Точка зрения А. Валлона. Ребенок действительно делает от­крытие в этом возрасте. Случайно или нет—другой вопрос. Валлон также склонен признавать такую «эврика» в детском сознании. Валлон считает, что ребенок делает открытие не случайно. Однако он открывает не общее понятие и правило, что всякая вещь имеет свое название, а только способ обращения с вещами. Если ребенок обнаружил, что некоторые вещи можно открывать (например, вы ему открыли крышку коробочки), он будет стараться открывать все предметы, даже те, у которых нет крышки. Вся история развития речи основана на том, полагает Валлон, что ребенку открыли возможность наименования вещи, что вещь можно называть. Это как бы новая деятельность с вещами, и, так как ребенок открыл ее в отношении одной вещи, он затем переносит ее и в отношении ряда других вещей. Таким образом, для Валлона ребенок открывает не логический смысл, не связь между знаком и значением, а новый способ игры с вещами, новый способ обращения с ними.

С точки зрения К. Коффки и всей структурной психологии, это первое открытие ребенка представляется в виде структурного акта. Ребенок открывает своеобразную структуру «вещь—имя» подобно тому, как обезьяна открывает функцию палки в той ситуации, когда плод лежит далеко и не может быть получен иначе, как с помощью палки. Сейчас теория Коффки слилась с теорией Валлона.

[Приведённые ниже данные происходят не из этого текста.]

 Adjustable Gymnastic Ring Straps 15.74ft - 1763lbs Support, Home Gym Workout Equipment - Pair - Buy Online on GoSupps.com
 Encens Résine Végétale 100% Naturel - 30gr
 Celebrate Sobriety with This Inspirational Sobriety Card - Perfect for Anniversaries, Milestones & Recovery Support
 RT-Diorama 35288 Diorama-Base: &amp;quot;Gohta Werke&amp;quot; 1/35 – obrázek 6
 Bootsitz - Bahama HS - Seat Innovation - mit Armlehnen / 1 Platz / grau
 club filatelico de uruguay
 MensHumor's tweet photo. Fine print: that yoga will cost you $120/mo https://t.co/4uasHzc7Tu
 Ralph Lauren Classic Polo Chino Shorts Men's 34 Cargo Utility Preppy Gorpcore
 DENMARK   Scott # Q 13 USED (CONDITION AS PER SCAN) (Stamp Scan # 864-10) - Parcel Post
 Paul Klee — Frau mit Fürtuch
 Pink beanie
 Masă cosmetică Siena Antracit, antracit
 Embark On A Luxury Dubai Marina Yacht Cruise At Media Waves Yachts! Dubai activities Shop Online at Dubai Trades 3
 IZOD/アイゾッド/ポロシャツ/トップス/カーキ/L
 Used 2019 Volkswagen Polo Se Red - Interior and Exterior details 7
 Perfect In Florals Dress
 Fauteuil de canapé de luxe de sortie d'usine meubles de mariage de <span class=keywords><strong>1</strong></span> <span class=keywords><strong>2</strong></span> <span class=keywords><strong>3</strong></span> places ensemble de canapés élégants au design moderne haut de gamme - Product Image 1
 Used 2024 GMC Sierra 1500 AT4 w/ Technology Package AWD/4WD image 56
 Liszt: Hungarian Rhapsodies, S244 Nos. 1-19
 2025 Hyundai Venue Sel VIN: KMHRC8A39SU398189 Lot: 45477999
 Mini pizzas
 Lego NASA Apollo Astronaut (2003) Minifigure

Теории Бюлера, Коффки, Валлона более соответствуют фак­там, чем теория Штерна, потому что они выросли из критики этой теории, но все они заключают в себе штерновский порок, который получен из ассоциативной теории, т. е. предположение, что все здесь происходит раз и навсегда: ребенок открывает структуру, способ обращения с вещами, он открывает то, что в отношении значения этих слов не подлежит изменению и развитию.

Таким образом, хотя эти теории смягчают интеллектуализм штерновской теории, идут против его самого главного идеалисти­ческого тезиса—выведения речи из понятия об этой речи, они в отношении происхождения речи столь же порочны, как штерновская теория, ибо допускают неизменность в ^возникновении и развитии детских слов. Попробуем в коротких! словах показать самое существенное в современном учении о моменте рождения речи с тем, чтобы наметить тем самым и центральные точки кризиса первого года.

Начну с фактов. Кто внимательно наблюдает рождение дет­ской речи, тот не может пройти мимо очень важного периода в ее развитии, который стал предметом пристального внимания в последнее десятилетие и еще мало освещен в учебниках. Между тем он имеет очень большое значение для понимания развития речи ребенка.

До сих пор мы говорили о двух периодах развития детской речи. Мы пытались установить, что еще в младенческом возрасте, когда у ребенка нет языка в собственном смысле слова, сама социальная ситуация развития приводит к возникновению у ребенка очень большой, сложной и многообразной потребности в общении со взрослыми. Из-за того, что младенец сам не ходит, не может приблизить и отдалить от себя предмет, он должен действовать через других. Ни один из детских возрастов не требует такого огромного числа форм сотрудничества, самого элементарного, как младенческий. Действия через других — основная форма деятельности ребенка. Этот возраст характеризу­ется тем, что ребенок лишен самого основного средства обще­ния—речи. В этом и заключается чрезвычайно своеобразное противоречие в развитии младенца. Ребенок создает ряд суррога­тов речи. Мы уже останавливались на жестах, которые возникают у ребенка и приводят к такому, с точки зрения развития речи, важному жесту, как указательный. Таким образом, устанавлива­ется общение с окружающими.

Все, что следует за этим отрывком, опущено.